Wikipedia is presumably the most popular encyclopedia on the Net. It is maintained by users who are not necessarily specialists in the respective fields, so the quality of the knowledge presented is not always reliable. On the other hand, as natural languages have the tendency to change with the passing of time, the Wikipedia articles include expressions that are still current. From this perspective, its multilingualism is of a special kind--each article has a different set of articles in other languages that are not necessarily their translations. The advantage is that a user who speaks foreign languages has a chance to read the same article in many languages and study new details of the subject for each language version.

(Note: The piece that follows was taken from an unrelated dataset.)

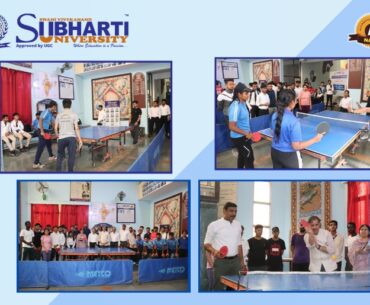 INTER-COLLEGIATE TABLE TENNIS TOURNAMENT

This substantiates some interest in exploiting Wikipedia for multilingual purposes.

This paper’s stem-based approach relies on the assumption that two term translations of a Wikipedia title link to their parallel article. Erdmann et al. aim to complement automatically, rather than create a bilingual dictionary. According to the authors, the translation accuracy measured increases with the added redirect page titles, with the anchor text information, and when it is supplemented by the translation candidates extracted from forward and backward links of the article (although an incoming link for one user can be the outgoing link for another). Next, the support vector machine (SVM) classifier filters the total number of translation candidates.

Although the paper is very interesting, it has some minor flaws. For instance, in Section 2.2, “Automatic Dictionary Construction,” “Wikipedia” is a subsection title--as are “Parallel Corpora” and “Comparable Corpora”--even though Wikipedia is not a dictionary, but rather an encyclopedia of articles whose structures, organization, and content depend on the author. Also, for this particular experiment, the language pair of English and German is only mentioned on page 10, as if the language pair phenomenon is of no importance to the process of creating an automatic dictionary. Some of the results, such as comparing an SVM classifier based on two different features to an SVM classifier based on 13 different features, or the two languages’ common derivations, are too obvious to include. Nonetheless, the paper is really intriguing, and the results can be used by other researchers and ported to other language pairs.

Reviewer:  Jolanta Mizera-Pietraszko Review #: CR137798 (1007-0724)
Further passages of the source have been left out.